◆ Problem requirements: Given the entries that follow, write out exactly the lines starting at the one containing "Mikina RANGER® - BEER & CHEER" and ending at the one containing "Secrets The Vine Cancun extérieur", both ends included, and only those.

◆ Supplied records:
========================================================================
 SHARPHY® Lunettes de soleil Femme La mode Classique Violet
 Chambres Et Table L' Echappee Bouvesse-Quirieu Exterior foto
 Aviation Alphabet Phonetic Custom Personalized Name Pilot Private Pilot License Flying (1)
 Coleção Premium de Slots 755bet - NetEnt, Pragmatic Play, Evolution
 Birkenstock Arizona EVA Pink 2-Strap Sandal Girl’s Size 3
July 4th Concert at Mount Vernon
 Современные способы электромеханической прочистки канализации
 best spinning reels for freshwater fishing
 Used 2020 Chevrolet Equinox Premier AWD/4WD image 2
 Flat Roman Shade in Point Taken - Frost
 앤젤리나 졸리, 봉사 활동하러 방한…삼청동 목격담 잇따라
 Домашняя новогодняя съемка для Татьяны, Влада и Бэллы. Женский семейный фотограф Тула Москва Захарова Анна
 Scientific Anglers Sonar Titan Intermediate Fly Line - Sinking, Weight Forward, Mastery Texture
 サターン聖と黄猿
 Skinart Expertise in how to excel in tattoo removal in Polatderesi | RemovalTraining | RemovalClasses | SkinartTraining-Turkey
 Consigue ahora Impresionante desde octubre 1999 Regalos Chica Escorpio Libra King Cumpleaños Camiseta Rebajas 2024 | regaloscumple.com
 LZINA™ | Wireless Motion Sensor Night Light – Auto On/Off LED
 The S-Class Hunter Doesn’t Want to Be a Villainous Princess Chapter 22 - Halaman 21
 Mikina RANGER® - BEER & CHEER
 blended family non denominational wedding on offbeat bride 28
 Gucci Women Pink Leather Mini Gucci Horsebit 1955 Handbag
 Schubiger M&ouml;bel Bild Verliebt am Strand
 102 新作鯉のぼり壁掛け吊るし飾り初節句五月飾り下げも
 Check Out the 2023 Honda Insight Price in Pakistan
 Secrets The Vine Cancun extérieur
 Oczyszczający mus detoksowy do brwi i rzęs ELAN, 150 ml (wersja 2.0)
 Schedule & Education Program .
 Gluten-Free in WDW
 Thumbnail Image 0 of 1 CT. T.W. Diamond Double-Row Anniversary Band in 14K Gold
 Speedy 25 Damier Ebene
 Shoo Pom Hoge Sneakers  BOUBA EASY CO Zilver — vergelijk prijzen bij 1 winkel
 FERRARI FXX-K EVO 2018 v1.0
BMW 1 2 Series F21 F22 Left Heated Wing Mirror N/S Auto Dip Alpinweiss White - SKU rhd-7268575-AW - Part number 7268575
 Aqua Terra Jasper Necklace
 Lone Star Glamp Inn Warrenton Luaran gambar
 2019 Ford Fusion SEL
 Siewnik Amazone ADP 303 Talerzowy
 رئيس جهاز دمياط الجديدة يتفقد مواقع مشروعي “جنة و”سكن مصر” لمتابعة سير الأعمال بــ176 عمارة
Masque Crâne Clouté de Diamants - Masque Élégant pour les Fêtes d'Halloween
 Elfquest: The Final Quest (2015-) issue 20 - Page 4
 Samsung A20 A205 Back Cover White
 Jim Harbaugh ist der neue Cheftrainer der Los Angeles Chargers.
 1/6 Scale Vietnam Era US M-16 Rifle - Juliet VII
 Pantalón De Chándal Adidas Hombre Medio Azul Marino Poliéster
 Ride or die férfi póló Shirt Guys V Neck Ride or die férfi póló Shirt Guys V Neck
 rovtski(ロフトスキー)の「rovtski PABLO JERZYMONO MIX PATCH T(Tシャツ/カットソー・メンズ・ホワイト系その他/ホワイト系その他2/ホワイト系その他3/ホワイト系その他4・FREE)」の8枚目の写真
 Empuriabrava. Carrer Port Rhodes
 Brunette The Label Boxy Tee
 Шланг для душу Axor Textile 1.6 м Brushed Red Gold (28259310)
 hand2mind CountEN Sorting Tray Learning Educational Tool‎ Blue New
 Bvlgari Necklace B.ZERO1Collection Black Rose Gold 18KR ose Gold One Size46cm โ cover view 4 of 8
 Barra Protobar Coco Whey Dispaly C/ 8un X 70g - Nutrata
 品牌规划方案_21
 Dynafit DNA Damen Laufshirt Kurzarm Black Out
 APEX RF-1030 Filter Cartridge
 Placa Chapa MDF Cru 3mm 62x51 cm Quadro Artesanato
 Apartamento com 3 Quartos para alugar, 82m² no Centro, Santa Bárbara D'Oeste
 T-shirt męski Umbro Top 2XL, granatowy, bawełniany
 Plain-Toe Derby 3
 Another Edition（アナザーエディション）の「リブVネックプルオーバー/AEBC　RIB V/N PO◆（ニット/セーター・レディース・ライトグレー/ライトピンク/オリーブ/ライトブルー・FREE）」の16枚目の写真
========================================================================
◆ Result:
 Mikina RANGER® - BEER & CHEER
 blended family non denominational wedding on offbeat bride 28
 Gucci Women Pink Leather Mini Gucci Horsebit 1955 Handbag
 Schubiger M&ouml;bel Bild Verliebt am Strand
 102 新作鯉のぼり壁掛け吊るし飾り初節句五月飾り下げも
 Check Out the 2023 Honda Insight Price in Pakistan
 Secrets The Vine Cancun extérieur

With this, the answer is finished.